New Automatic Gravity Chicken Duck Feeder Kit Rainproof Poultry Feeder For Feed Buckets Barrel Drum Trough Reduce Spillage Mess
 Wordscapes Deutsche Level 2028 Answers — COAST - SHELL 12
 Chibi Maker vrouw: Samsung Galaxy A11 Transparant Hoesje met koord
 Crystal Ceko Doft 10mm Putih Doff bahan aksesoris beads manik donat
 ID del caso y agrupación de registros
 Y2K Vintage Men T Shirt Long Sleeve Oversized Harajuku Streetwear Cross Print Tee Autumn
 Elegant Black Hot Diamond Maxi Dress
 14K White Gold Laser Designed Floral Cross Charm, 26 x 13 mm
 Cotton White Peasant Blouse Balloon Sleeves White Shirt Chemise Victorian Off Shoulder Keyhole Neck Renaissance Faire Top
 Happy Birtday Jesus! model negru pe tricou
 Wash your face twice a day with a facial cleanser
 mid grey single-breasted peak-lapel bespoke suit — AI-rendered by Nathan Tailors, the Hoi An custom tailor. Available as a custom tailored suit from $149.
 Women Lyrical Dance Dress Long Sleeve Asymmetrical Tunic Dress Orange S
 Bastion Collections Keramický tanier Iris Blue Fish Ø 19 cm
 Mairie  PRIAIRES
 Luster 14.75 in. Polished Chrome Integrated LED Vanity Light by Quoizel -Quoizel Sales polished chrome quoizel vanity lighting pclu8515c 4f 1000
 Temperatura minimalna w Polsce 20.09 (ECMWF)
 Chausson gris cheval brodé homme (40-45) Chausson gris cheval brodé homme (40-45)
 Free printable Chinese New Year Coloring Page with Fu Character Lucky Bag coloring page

[The task] The answer is the run of lines above from the line containing "Happy Birtday Jesus! model negru pe tricou" through the line containing "Luster 14.75 in.", copied exactly and alone.

[Solution]
 Happy Birtday Jesus! model negru pe tricou
 Wash your face twice a day with a facial cleanser
 mid grey single-breasted peak-lapel bespoke suit — AI-rendered by Nathan Tailors, the Hoi An custom tailor. Available as a custom tailored suit from $149.
 Women Lyrical Dance Dress Long Sleeve Asymmetrical Tunic Dress Orange S
 Bastion Collections Keramický tanier Iris Blue Fish Ø 19 cm
 Mairie  PRIAIRES
 Luster 14.75 in. Polished Chrome Integrated LED Vanity Light by Quoizel -Quoizel Sales polished chrome quoizel vanity lighting pclu8515c 4f 1000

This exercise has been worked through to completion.